Intelligence has shown, for example, that last year’s breaches at both OPM and health insurer Anthem were both perpetrated by a state-sponsored actor who was focused on getting not only personal information about U.S. government employees, but employment data about them as well. By stealing and then aggregating disparate data sets, our adversaries are able to unearth new sets of information that can be used to undermine our security.
A closer examination of major breaches reveals a common theme: in every “major headline” breach, it the attack vector has been the common password. The reason is simple: the password is by far the weakest link in cybersecurity today.
Indeed, passwords themselves are often the most valuable treasure for attackers, given how many people reuse passwords between accounts. An article last month in Ars Technica drove this point home, detailing how the recent breach of a White House contractor was facilitated by him reusing the same password on his Gmail account that was revealed in the Adobe breach of 2013.

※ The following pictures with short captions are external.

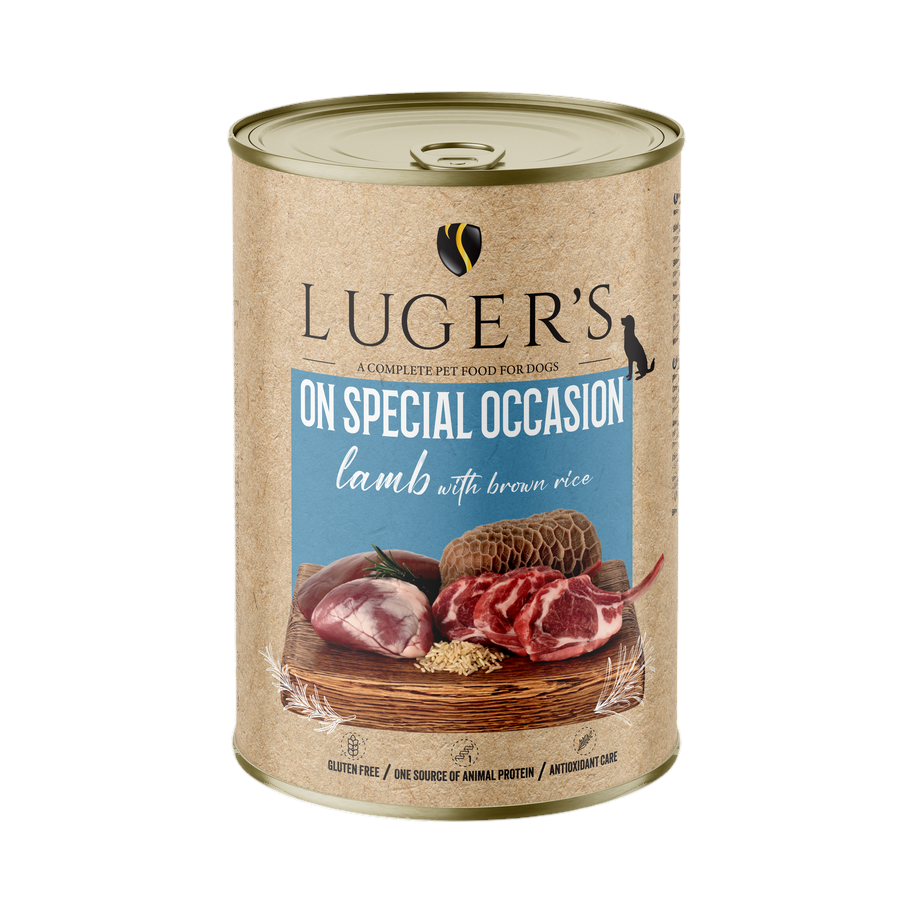 Pâtée monoprotéine Luger's On Special Occasion agneau et riz brun – boîte 400 g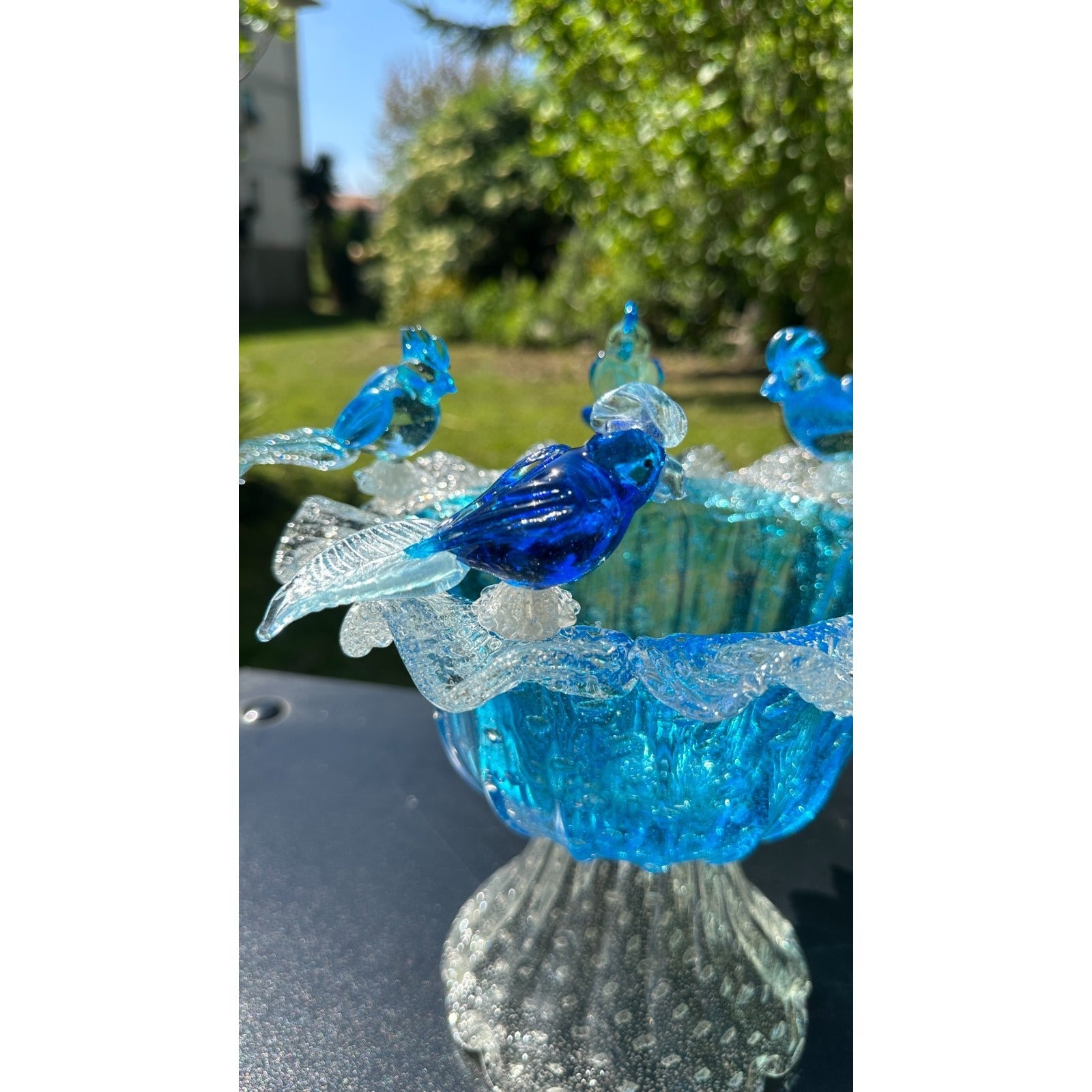 Murano Glass Blue Bird Bath Pedestal Bowl 5 Removable Birds Bullicante Murano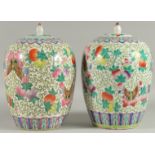 A PAIR OF CHINESE FAMILLE ROSE PORCELAIN JARS AND COVERS, painted with peaches and butterflies, 31cm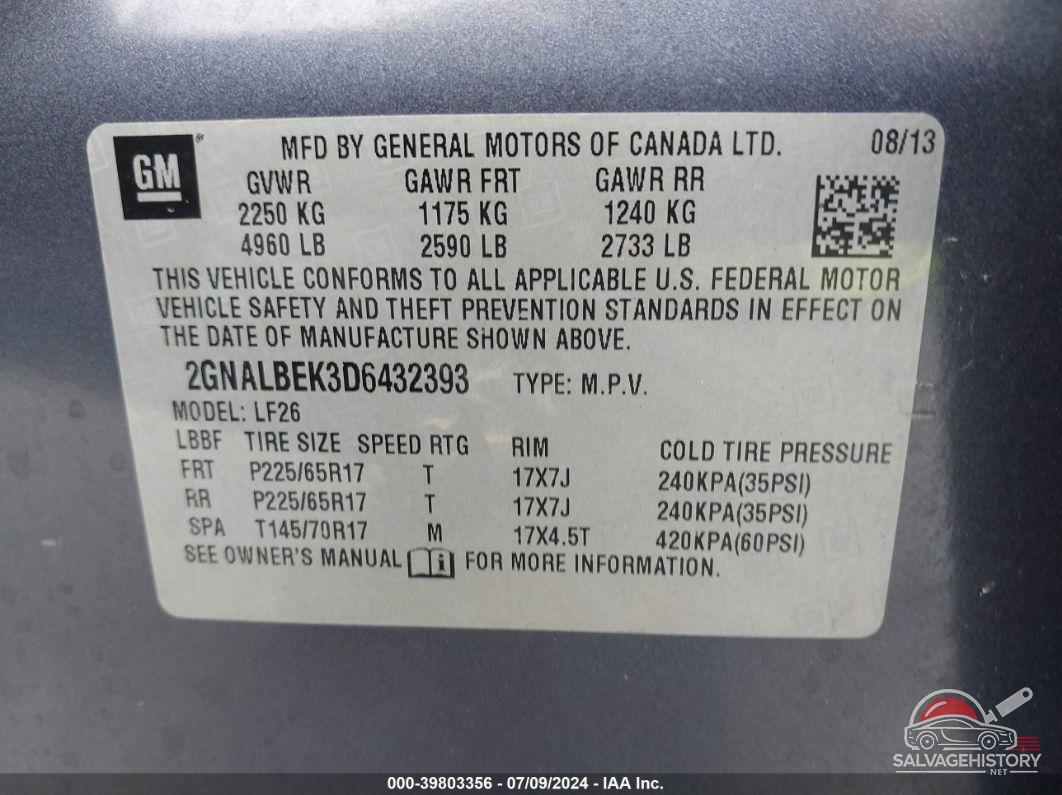 2GNALBEK3D6432393 2013 CHEVROLET EQUINOX photo no. 9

Against this backdrop, it’s become increasingly apparent that the guidance we give people to change their password after every breach isn’t doing anything to actually thwart attackers.
Instead, we need to acknowledge the failure of passwords and make it a national priority to come up with something better – leveraging the next generation of authentication technologies to authenticate identities in a way that is both stronger than passwords and also easier for people to use.
It’s important that any alternative simplifies authentication. Companies and agencies don’t expect their employees to configure firewalls or actively manage encryption on their laptops; security controls have become increasingly automated over the last few years. But amidst these improvements, there’s one item that continues to get pushed down to customers and end-users: the burden of creating and managing dozens of different passwords to access all of their accounts.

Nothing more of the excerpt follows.